Kane County, Utah, has just won another important victory in the ongoing dispute over control of roads across public lands. An en banc panel of the 10th Circuit Court of Appeals on Tuesday ruled in favor of Kane County and dealt a major blow to Utah wilderness groups fighting over who owns a handful of back roads in rural Kane County. Click here to read the actual decision.
The case arose from a Kane County ordinance that sought to assert the County’s authority over RS 2477 rights of way within the Grand Staircase-Escalante National Monument. The Court’s decision marks a welcome reversal in favor of Kane County.
Originally, the County requested that BLM remove closure signs on some of the asserted RS 2477 routes which the BLM had failed to designate as open for use. Essentially attempting to stand in the legal shoes of the United States, the Wilderness Society and Southern Utah Wilderness Alliance filed suit and, in spite of the County’s motion to dismiss, the preservationists won in the district court.
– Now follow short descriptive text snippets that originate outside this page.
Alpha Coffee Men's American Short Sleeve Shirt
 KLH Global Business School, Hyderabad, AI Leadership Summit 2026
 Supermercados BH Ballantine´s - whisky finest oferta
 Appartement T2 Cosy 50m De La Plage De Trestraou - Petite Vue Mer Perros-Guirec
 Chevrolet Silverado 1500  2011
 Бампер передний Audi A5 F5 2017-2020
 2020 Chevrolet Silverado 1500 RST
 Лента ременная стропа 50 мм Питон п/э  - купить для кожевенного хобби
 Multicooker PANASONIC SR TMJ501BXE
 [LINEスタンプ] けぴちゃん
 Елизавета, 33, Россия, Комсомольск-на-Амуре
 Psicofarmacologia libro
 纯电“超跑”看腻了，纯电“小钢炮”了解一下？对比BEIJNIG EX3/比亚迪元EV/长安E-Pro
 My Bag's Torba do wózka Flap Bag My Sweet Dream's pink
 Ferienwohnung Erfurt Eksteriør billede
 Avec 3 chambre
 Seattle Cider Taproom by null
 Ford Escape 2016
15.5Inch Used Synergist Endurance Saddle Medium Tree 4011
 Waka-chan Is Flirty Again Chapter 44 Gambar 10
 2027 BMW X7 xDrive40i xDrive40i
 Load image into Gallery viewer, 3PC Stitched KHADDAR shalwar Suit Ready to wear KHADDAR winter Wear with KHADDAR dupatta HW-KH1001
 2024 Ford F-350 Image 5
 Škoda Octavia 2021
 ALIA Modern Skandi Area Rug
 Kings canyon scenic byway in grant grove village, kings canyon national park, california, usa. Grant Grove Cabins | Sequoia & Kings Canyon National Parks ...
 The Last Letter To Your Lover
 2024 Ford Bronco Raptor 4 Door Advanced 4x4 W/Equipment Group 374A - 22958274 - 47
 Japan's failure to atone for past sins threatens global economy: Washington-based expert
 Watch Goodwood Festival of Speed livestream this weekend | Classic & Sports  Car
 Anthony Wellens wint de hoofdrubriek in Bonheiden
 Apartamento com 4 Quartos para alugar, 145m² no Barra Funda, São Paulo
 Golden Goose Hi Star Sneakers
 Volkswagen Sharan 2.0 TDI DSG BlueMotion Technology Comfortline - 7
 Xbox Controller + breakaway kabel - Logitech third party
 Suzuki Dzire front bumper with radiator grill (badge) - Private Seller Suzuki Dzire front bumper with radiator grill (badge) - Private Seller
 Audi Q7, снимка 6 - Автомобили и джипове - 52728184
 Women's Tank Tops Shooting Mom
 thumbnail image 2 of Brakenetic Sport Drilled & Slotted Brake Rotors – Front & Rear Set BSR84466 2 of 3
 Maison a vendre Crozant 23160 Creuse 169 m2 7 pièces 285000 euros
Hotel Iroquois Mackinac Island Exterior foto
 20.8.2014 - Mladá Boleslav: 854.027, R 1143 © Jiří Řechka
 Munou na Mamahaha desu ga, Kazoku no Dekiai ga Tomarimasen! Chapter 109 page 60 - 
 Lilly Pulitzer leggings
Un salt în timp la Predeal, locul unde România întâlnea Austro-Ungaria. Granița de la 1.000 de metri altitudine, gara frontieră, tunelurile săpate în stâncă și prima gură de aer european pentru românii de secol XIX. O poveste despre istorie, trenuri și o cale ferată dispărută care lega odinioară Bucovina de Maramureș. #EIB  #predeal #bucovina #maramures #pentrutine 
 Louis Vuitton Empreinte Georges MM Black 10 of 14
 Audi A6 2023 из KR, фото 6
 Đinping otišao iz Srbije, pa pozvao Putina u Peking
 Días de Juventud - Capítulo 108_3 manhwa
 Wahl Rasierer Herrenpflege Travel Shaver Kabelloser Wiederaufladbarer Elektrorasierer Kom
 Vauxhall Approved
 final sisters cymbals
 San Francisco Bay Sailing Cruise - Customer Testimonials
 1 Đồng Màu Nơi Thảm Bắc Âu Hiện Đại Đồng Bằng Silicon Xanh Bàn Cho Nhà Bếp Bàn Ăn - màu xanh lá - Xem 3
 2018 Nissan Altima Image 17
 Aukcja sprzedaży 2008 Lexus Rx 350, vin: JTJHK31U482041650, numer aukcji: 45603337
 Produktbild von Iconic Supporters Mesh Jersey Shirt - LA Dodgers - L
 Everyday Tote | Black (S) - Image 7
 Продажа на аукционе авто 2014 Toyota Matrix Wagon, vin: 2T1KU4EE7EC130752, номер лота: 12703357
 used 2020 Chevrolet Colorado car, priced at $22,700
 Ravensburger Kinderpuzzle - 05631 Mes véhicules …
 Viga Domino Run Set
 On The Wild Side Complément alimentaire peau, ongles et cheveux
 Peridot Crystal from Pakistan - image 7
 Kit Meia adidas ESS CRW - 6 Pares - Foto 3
Upon appeal of the district court’s decision, a three-judge panel of the 10th Circuit Court affirmed the district court’s decision, but also voted to rehear the case en banc or full bench. In the en banc hearing, the majority decision remarkably reverses the district court’s decision and directs the district court to dismiss their case. The decision, which turns on technical legal questions involving “prudential standing,” was joined by six of the eleven judges, with three judges concurring in the result. The remaining two judges vigorously dissented, claiming the decision “grants , and every other state and local government in the circuit… a green light to flout federal law.”
The decision addresses many RS 2477 issues and other procedural matters that may have broader implications in public lands litigation.